Por Claudia Ortiz
Debemos tener muy claro qué significa ser santo para avanzar en este proyecto de vida y perseguir la santidad hasta alcanzarla.
Así como no tenemos que portar sotana ni ganarnos alas ni aureola, tampoco debemos abandonar nuestros trabajos o desertar del matrimonio para irnos al convento, por supuesto que no.
La grandeza de ser Santo es lograrlo desde nuestro ámbito, condición y estado de vida, por eso hay santos elevados a los altares que fueron religiosas, sacerdotes, madres de familia, padres de familia, incluso niños, profesionistas, etc.

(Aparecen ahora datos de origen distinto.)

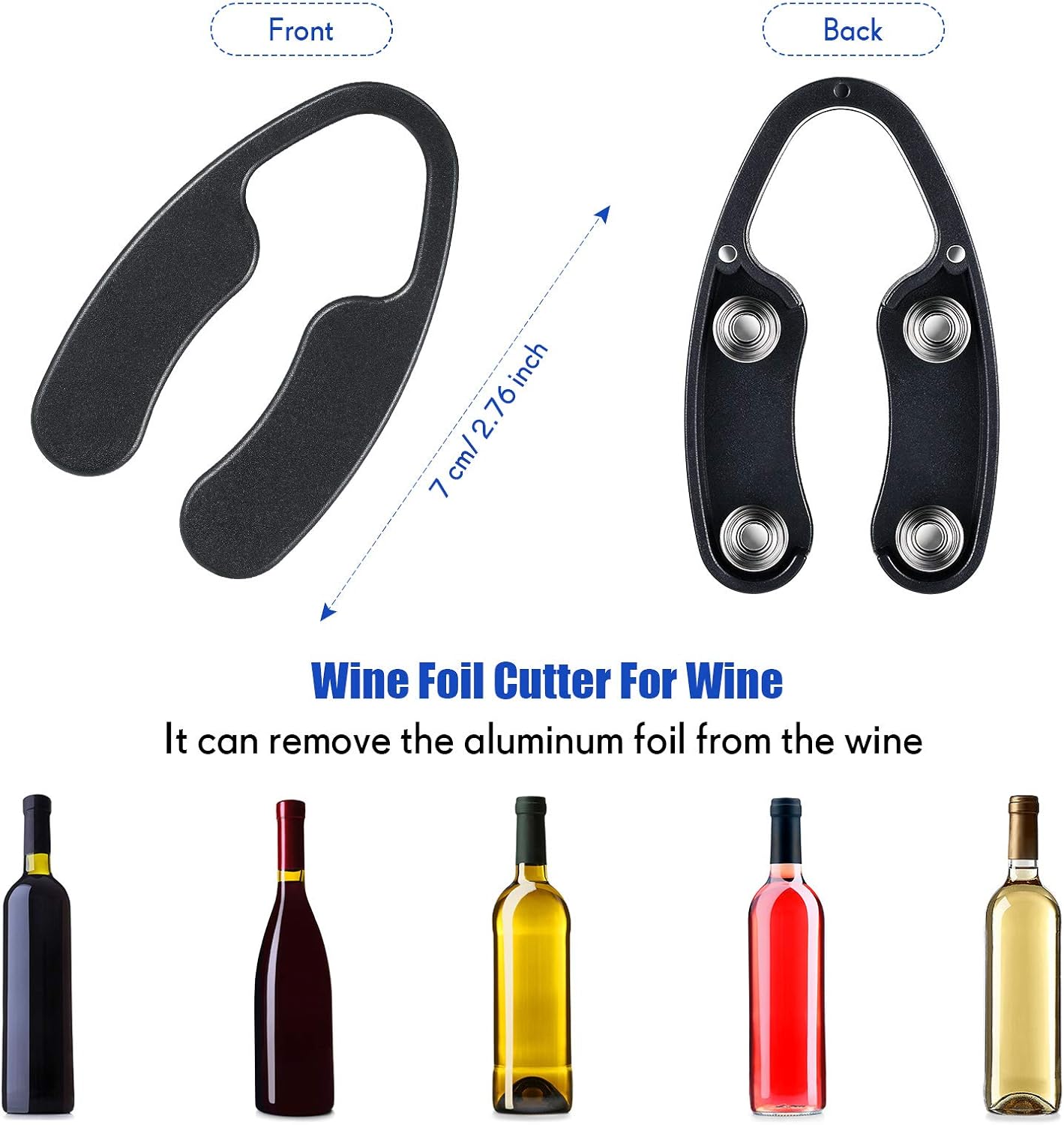 Foil Cutter for Wine Bottles Magnetic Black Wine Foil Tools Stainless Steel ABS Cutters Bottle Opener Top Removes Effortlessly Design for Outdoor Indoor Parties Daily Application Accessory - Image 2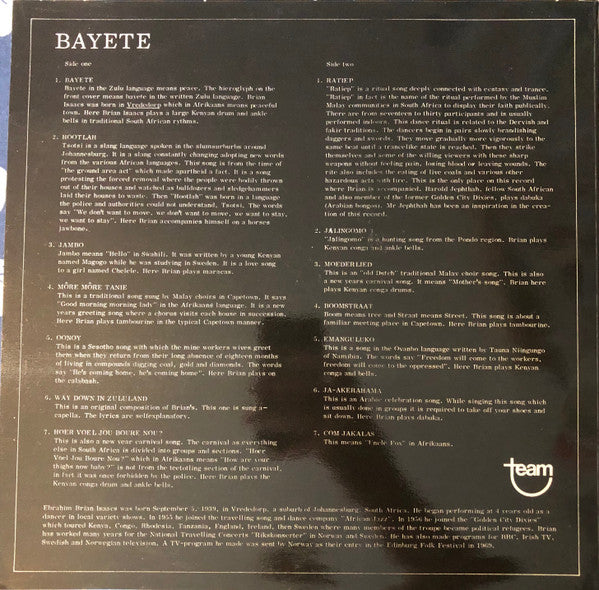 Brian Isaacs : Bayete (LP, Album)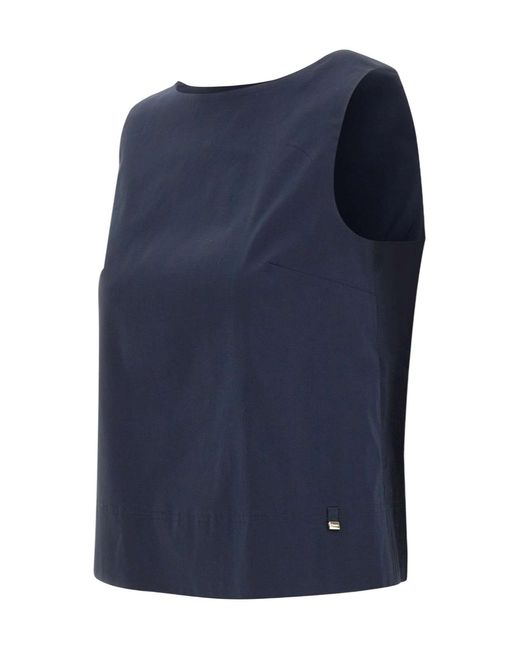 Herno Blue Bow-Back Sleeveless Top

Cuando se pretende que una persona sea elevada a los altares, es decir, se busca que la iglesia lo proclame Santo, se presenta una investigación sobre su vida y el ejercicio de sus virtudes, al ser admitida su causa se le puede llamar Siervo de Dios y se le conoce como Venerable, cuando la investigación confirma que vivió virtudes heroicas.
Son heroicas, no por inalcanzables, sino porque la concupiscencia, el egoísmo, la soberbia, nos incitan a ver primero por nosotros y nos hacen resistirnos a amar a Dios en el prójimo, entonces nos costará trabajo vencernos, pero es posible lograrlo.
En realidad se trata de vivir la vida sirviendo a Dios en los demás.
Tú puedes ejercitar las virtudes si en tu trabajo, enseñas al que no sabe; si al ir en tu auto, no te desesperas y no le gritas al que “se te metió”, no te pasas los altos ni te estacionas en lugares prohibidos, y no engañas a la cámara de foto infracciones, bajando la velocidad sólo cuando pasas frente a ella. O sea portarse bien siempre aunque nadie nos vea.
Esto es lo que el Papa Francisco llama “los santos de la puerta de al lado” en la Exhortación Apostólica Gaudete et exsultate: “los padres de familia que crían con tanto amor a sus hijos, en esos hombres y mujeres que trabajan para llevar el pan a su casa, en los enfermos, en las religiosas ancianas que siguen sonriendo”.
En la práctica, no gritar más cuando tu esposo o esposa está alterado es ejercer heroicamente la virtud de la prudencia, la paciencia o la caridad; rogar a Dios por las personas que no te quieren o son tus enemigos, ser generosos, y compartir de lo que tienes, aunque te cueste trabajo, son otros ejemplos de las acciones que pueden llevarnos a la santidad.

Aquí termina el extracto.